Ball Aerospace & Technologies Corp. has received a contract from NASA to build a High-spectral-Resolution-Lidar for Aerosols Winds and Clouds - Using the Optical Autocovariance Wind Lidar (HAWC-OAWL) to help scientists better understand how the wind transport of aerosols and water vapor affect air quality and cloud formation.

The existing OAWL technology has successfully flown on NASA-funded test flights. The three-year, $4.3M contract award for HAWC-OAWL will allow Ball Aerospace to adapt OAWL to measure profiles of aerosol properties simultaneously with profiles of wind speed and direction, and to demonstrate the full system performance with additional airborne flight testing.

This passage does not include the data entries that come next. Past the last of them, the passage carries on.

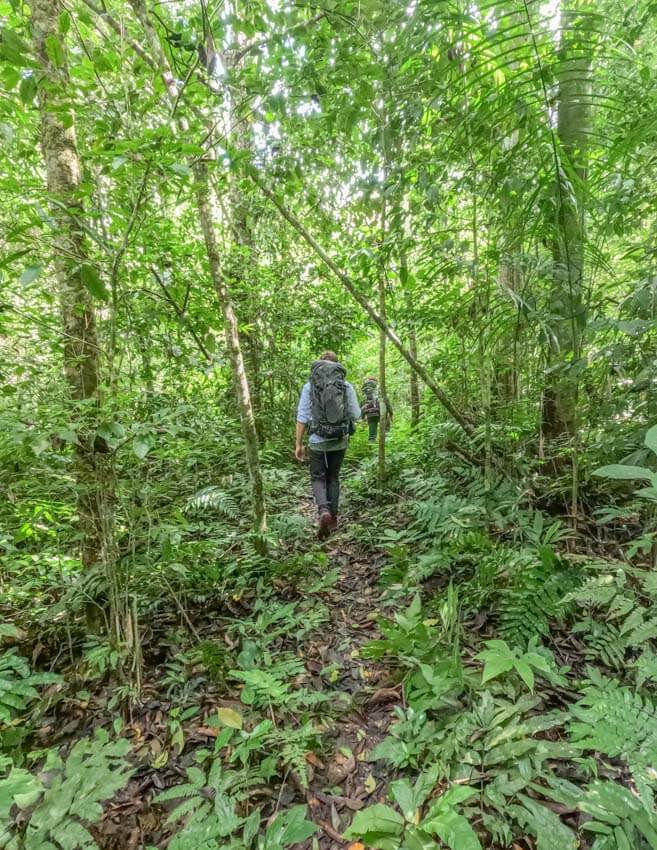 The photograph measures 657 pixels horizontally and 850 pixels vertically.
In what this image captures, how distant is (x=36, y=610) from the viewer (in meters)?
2.83

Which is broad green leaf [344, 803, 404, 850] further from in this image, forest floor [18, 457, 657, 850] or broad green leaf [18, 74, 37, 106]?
broad green leaf [18, 74, 37, 106]

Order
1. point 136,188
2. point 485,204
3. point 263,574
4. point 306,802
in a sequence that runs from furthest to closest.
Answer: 1. point 263,574
2. point 485,204
3. point 136,188
4. point 306,802

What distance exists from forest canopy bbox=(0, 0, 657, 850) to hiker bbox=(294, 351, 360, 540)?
96 cm

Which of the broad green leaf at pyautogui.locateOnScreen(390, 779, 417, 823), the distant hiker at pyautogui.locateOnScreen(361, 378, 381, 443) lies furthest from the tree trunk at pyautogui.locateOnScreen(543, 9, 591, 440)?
the distant hiker at pyautogui.locateOnScreen(361, 378, 381, 443)

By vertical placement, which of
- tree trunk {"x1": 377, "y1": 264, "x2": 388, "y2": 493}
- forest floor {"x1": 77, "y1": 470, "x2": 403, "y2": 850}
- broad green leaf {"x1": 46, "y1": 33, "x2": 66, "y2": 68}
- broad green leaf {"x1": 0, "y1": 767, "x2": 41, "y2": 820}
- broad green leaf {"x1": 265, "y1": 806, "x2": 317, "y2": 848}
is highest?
broad green leaf {"x1": 46, "y1": 33, "x2": 66, "y2": 68}

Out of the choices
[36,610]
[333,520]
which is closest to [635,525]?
[333,520]

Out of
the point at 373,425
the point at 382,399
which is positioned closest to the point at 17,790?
the point at 382,399

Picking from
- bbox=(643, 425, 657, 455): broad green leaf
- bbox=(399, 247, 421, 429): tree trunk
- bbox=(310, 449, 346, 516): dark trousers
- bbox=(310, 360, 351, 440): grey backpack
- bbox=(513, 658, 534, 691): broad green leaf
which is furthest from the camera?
bbox=(310, 449, 346, 516): dark trousers

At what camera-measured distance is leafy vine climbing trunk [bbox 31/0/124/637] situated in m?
2.28

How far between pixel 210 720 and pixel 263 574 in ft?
4.35

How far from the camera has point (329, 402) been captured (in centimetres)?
464

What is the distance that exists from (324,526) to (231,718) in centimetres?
Result: 239

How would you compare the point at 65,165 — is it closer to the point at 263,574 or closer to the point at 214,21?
the point at 214,21

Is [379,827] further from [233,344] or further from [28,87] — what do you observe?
[28,87] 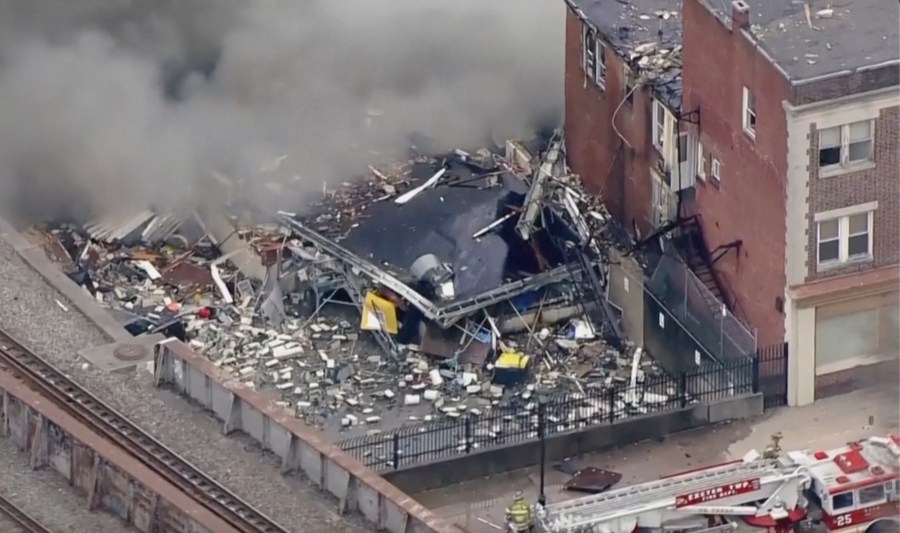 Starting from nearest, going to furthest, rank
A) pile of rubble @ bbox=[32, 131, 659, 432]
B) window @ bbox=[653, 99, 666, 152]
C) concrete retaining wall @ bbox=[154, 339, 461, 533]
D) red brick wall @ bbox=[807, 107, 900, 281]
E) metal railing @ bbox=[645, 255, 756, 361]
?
1. concrete retaining wall @ bbox=[154, 339, 461, 533]
2. red brick wall @ bbox=[807, 107, 900, 281]
3. metal railing @ bbox=[645, 255, 756, 361]
4. pile of rubble @ bbox=[32, 131, 659, 432]
5. window @ bbox=[653, 99, 666, 152]

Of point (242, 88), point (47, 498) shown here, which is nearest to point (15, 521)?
point (47, 498)

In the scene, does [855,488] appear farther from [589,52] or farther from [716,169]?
[589,52]

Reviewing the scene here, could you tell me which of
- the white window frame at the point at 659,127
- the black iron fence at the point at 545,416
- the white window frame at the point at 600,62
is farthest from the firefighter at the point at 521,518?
the white window frame at the point at 600,62

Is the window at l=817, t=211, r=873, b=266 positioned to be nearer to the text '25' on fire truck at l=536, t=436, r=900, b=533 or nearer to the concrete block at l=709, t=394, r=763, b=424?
the concrete block at l=709, t=394, r=763, b=424

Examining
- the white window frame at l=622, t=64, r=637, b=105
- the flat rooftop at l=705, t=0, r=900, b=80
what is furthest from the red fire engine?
the white window frame at l=622, t=64, r=637, b=105

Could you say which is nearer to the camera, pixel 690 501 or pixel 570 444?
pixel 690 501

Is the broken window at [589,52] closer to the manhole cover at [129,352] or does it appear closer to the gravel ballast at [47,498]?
the manhole cover at [129,352]

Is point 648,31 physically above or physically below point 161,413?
above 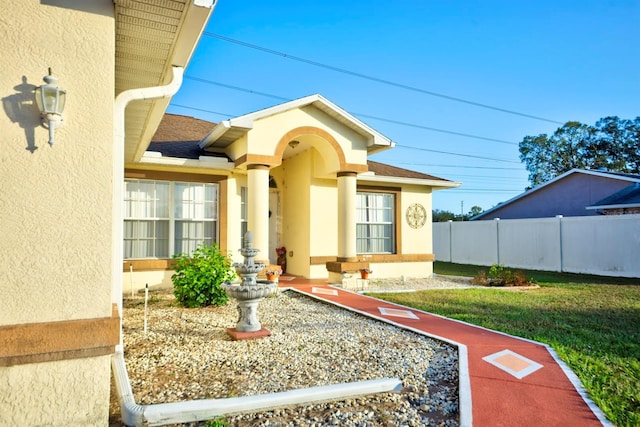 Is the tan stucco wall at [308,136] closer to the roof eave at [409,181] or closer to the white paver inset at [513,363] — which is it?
the roof eave at [409,181]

"Ball has been developing this type of lidar technology since 2002 and we're eager to see it matured and flown again," said Jim Oschmann, vice president and general manager for Ball's Civil Space and Technology business unit. "This program will advance the instrument technology for future space-based global Earth system studies."

HAWC-OAWL is one of 17 technology proposals selected under NASA's Instrument Incubator Program for further development to enable Earth observation measurements while reducing risk, cost, size, volume, mass and development time. The instruments and instrument subsystems chosen will enable future Earth science measurements and visionary concepts through the Earth Science Technology Office in support of NASA's Earth Science Division.

"The HAWC-OAWL measurements will help scientists better understand how co-located aerosols and winds interact in cloud formations," said Ball's Principal Investigator Sara Tucker. "Understanding this interaction is critically important for predicting cloud properties and brightness."

The first OAWL system was demonstrated and validated in comparison ground tests with a NOAA wind lidar in 2011. In 2011, test flights at NASA Johnson Space Center demonstrated and validated the original, autonomous, airborne OAWL on the NASA WB-57 aircraft. Ball will reconfigure the existing OAWL technology to add a second laser wavelength and enable HAWC-OAWL to point in two directions at the same time. The system will then be able to characterize airborne particles, while simultaneously measuring wind profiles to provide information that is critical to the Earth's energy and water cycles, air quality and climate.